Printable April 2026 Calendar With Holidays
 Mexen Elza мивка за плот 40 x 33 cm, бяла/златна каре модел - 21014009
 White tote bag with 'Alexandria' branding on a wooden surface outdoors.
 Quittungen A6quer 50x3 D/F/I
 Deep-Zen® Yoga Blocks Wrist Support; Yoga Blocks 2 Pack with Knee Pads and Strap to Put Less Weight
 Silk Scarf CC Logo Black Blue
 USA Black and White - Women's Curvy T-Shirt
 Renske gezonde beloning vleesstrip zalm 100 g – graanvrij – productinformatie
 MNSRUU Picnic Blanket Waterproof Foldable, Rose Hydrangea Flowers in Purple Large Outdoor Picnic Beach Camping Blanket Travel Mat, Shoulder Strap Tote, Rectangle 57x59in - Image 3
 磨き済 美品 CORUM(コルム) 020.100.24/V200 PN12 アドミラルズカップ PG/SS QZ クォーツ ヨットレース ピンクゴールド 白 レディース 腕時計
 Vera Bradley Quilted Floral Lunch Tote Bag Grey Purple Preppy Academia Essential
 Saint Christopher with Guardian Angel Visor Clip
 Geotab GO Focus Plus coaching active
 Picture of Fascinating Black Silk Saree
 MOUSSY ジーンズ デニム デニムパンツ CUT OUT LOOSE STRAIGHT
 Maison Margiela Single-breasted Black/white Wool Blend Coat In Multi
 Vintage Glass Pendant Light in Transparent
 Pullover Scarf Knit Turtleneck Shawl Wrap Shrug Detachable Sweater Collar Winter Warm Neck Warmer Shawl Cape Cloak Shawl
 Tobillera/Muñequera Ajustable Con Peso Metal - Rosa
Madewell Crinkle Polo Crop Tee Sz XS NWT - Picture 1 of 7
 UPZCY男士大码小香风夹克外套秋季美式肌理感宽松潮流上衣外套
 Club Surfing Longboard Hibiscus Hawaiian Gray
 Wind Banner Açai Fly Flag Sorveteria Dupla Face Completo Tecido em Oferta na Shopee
■ ■ ■ ■
● **Work request**: When you reach the line that contains "磨き済 美品 CORUM(コルム)", stop; that line and every line before it, from the very first line of the data, should be restated word for word.

● **Task solution**:
Printable April 2026 Calendar With Holidays
 Mexen Elza мивка за плот 40 x 33 cm, бяла/златна каре модел - 21014009
 White tote bag with 'Alexandria' branding on a wooden surface outdoors.
 Quittungen A6quer 50x3 D/F/I
 Deep-Zen® Yoga Blocks Wrist Support; Yoga Blocks 2 Pack with Knee Pads and Strap to Put Less Weight
 Silk Scarf CC Logo Black Blue
 USA Black and White - Women's Curvy T-Shirt
 Renske gezonde beloning vleesstrip zalm 100 g – graanvrij – productinformatie
 MNSRUU Picnic Blanket Waterproof Foldable, Rose Hydrangea Flowers in Purple Large Outdoor Picnic Beach Camping Blanket Travel Mat, Shoulder Strap Tote, Rectangle 57x59in - Image 3
 磨き済 美品 CORUM(コルム) 020.100.24/V200 PN12 アドミラルズカップ PG/SS QZ クォーツ ヨットレース ピンクゴールド 白 レディース 腕時計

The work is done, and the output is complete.